= Fanny Deakin =

English politician (1883–1968)

Fanny Deakin (1883 – 1968) was an English politician who campaigned for better nourishment of young children and maternity care for mothers.

== Biography ==
Deakin was born in Silverdale, a mining village near Newcastle-under-Lyme, into a large but poor family in 1883. On leaving school early she commenced work on the same farm where her family lived. Motivated by the poverty she observed around her, she entered politics and was the first woman to be elected onto Wolstanton Council as a Labour member in 1923. In 1927, she retained her seat, this time standing as a Communist. She was a popular with local people, who nicknamed her "Red Fanny" after she visited the Soviet Union in 1927 and 1930.

Of her five children only one survived into adulthood. In an era of high infant mortality she campaigned for better maternity care of women and free milk for children under five. Along with unemployed miners, she met at Downing Street Prime Minister Ramsay MacDonald and as a result of this meeting local councils began to give free milk to pregnant mothers and children up to the age of five.

One of her friends was found guilty of inciting a riot and as a result of her evidence in providing an alibi she was charged with perjury and spent nine months in prison.

In 1934, she became a County Councillor in the recently merged Newcastle-under-Lyme Council, continuing her advocacy of child and maternal welfare issues through a number of different committees.
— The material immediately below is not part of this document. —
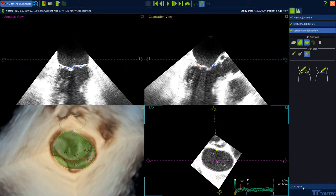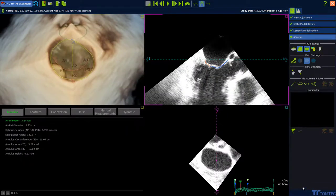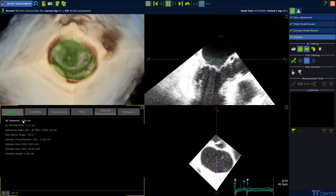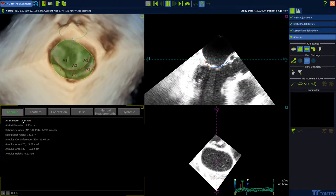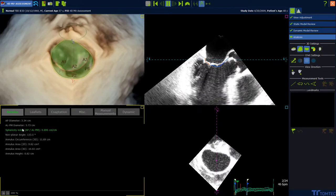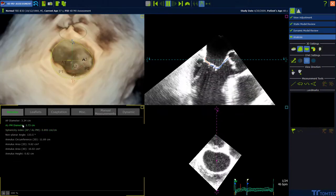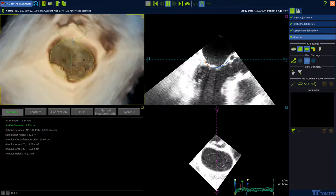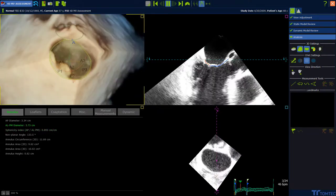Select analysis to conclude the analysis. Find the measurements on the left side under the topics. Click on a value and the measurement will appear in the dynamic model.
During the war years she could be seen working with others in the Catholic Church showing children how to put on gas masks. In 1941 she became the first communist to be appointed alderman in Newcastle-under-Lyme Borough, with the honour being extended to county level in 1946.

== Legacy ==
Her advocacy of mother and child welfare issues was recognised when Fanny Deakin Maternity Home was opened in 1947 in Newcastle-under-Lyme Borough. She is still popularly remembered through the many children born there and through a G.P ward named after her in a local hospital.

In 1991, Joyce Holliday wrote "Go See Fanny Deakin!", in which Fanny Deakin appears as heroine in a play centred on the mining community of Silverdale. It has subsequently been broadcast by BBC local radio. Joyce Holliday also wrote "Silverdale People" which includes a biography of Fanny Deakin.

Staffordshire County Council holds a collection of Fanny Deakins papers in its Newcastle Library.

Deakin's Yard, a large student accommodation building in Brunswick street in the centre of Newcastle-under-Lyme, is named in her honour.